Can this be done ? Of course. This is perl, all things are possible. Now, remember the side effect of parens. I promise I'll explain the primary effect at some point. If whatever is in (parens) matches, the result is stored in a variable called $1 . So we can use <(.*?)> which will find us < then as many anythings (the . and * ) up to the next, not last > (the ? forces stingy matching).

The result is stored in $1 because we used parens. Next, we need everything up to the closing tag. That's easy : (.*?) matches everything up until the next character or set of characters. And how exactly do we define where to stop ?

We can use $1 even in the same regex it was found in. However, it is not referred to within a regex as $1 , but \1 .

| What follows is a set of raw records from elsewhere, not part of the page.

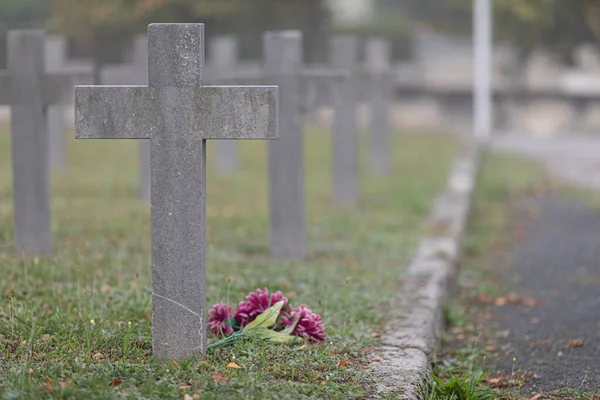 墓园里的花束法国利摩日市Lowyat公墓 — 图库照片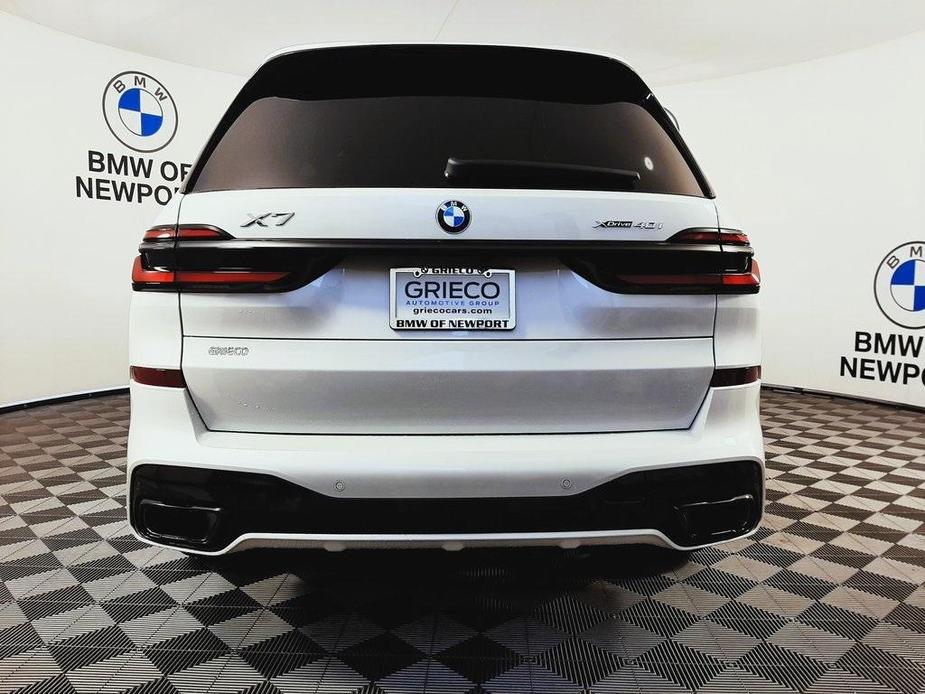 new 2025 BMW X7 car, priced at $94,900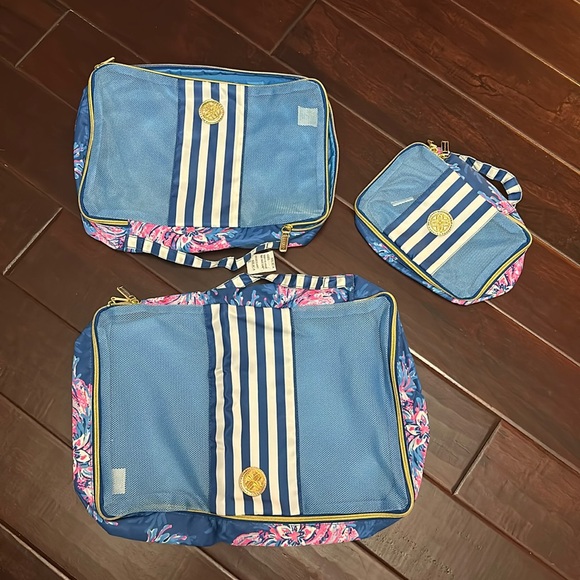 Lilly Pulitzer Handbags - Lilly Pulitzer GWP set of 3 packing Cubes NWT
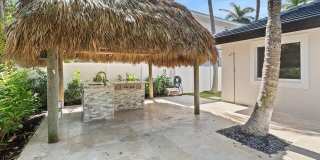 1132 NE 3rd Avenue Gallery 26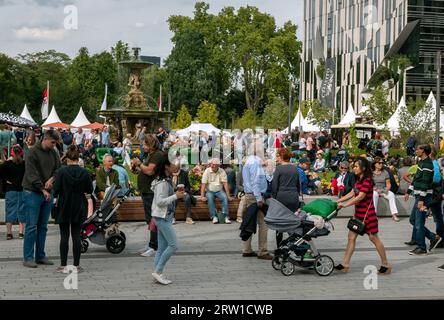 26.08.2018, Allemagne, Rhénanie-du-Nord-Westphalie, Duesseldorf - circulation estivale au croisement de la Koenigsallee, derrière la Corneliusplatz. 00A. Banque D'Images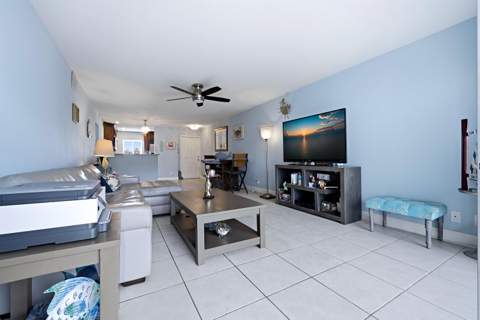 200 Waterway Drive #309, Lantana FL - photo 6 of 49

So we want to match </$1> which in perl code is <\/\1> . The / must be escaped because it is the end of the regex, and 1 is escaped so it refers to $1 instead of matching the number 1.

Still here ? This is what it looks like:


$_='HTML <I>munging</I> time is here <I>again</I> !.';

/<(.*?)>(.*?)<\/\1>/i;



print "Found it ! $2\n";

If you want to know how to return all the matches above, read on. But before that:

How to Avoid Making Mountains while Escaping Special Characters

You want to match this; http://language.perl.com/faq/ . That's a real (useful) URL by the way. Hint. To match it, you need to do this:


/http:\/\/language\.perl\.com\/faq\//;

which should make the awful metaphor above clearer, if not funnier. The slash, / , is not normally a metacharacter but as it is being used for the regular expression delimiters, it needs to be escaped. We already know that . is special.

Fortunately for our eyes, Perl allows you to pick your delimiter if you prefix it with 'm' as this example shows. We'll use a #:


m#http://language\.perl\.com/faq/#; 

Which is a huge improvement, as we change / to # . We can go further with readability by quoting everything:

m#\Qhttp://language.perl.com/faq/\E#;

The \Q escapes everything up until \E or the regex delimiter (so we don't really need the \E above). In this case # will not be escaped, as it delimits the regex.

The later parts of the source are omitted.